━━ Given information

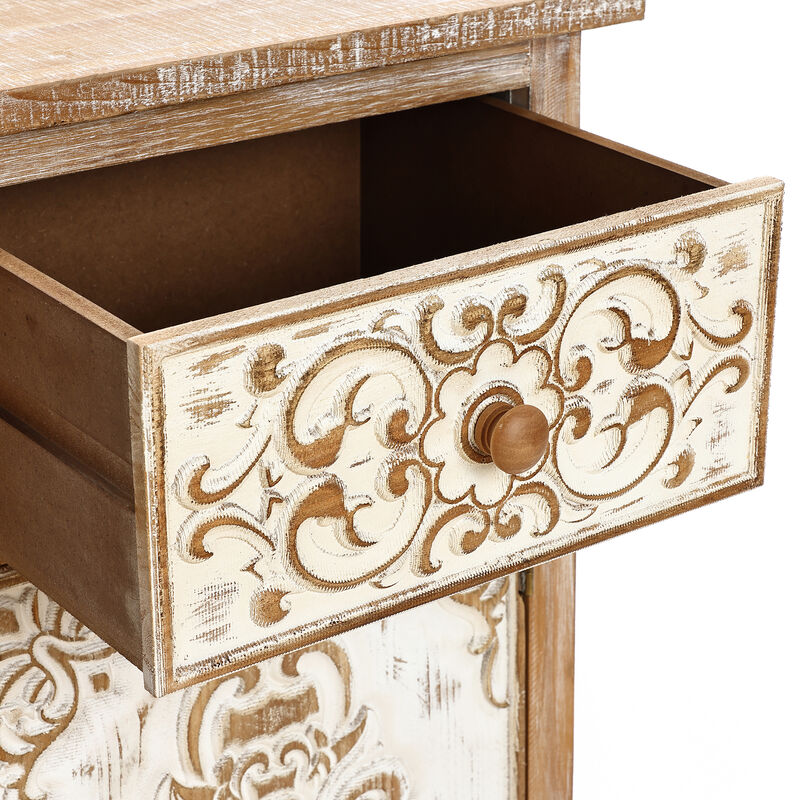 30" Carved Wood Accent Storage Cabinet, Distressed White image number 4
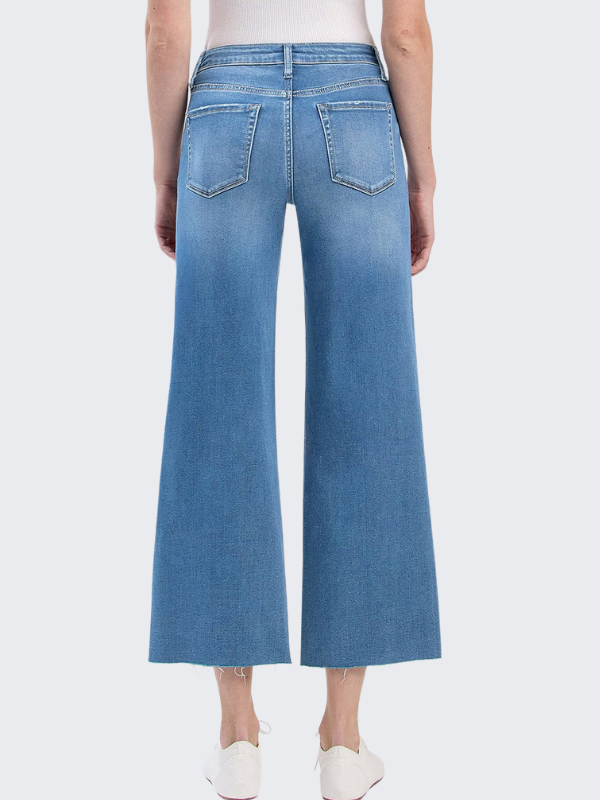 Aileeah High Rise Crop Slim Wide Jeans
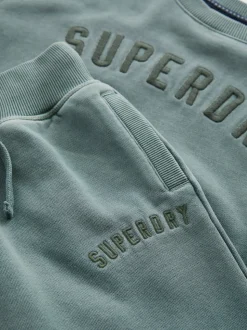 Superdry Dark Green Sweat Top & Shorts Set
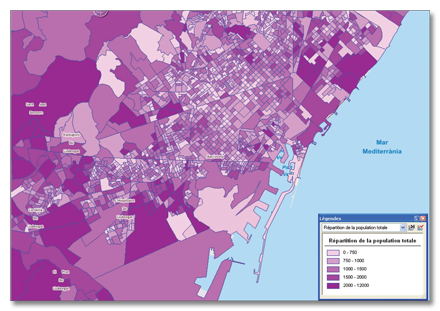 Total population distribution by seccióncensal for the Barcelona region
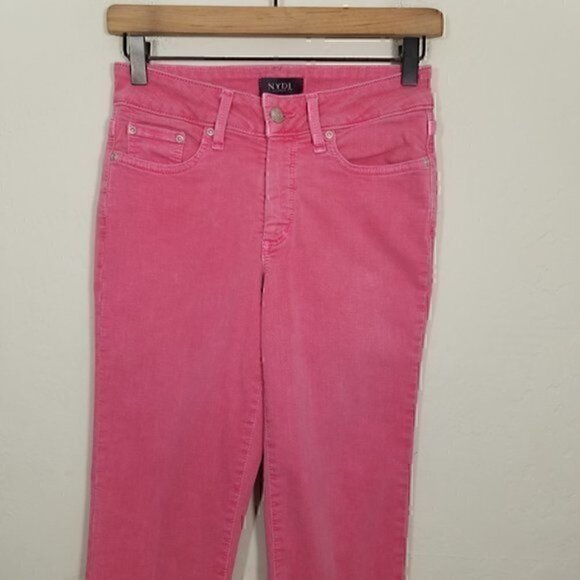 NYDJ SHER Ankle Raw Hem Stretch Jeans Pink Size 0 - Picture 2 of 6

━━━━

- _What you need to do_: Once the pictures are removed, repeat all of the data above exactly.

- _Task answer_:
 30" Carved Wood Accent Storage Cabinet, Distressed White image number 4
 Aileeah High Rise Crop Slim Wide Jeans
 Superdry Dark Green Sweat Top & Shorts Set
 Total population distribution by seccióncensal for the Barcelona region
 NYDJ SHER Ankle Raw Hem Stretch Jeans Pink Size 0 - Picture 2 of 6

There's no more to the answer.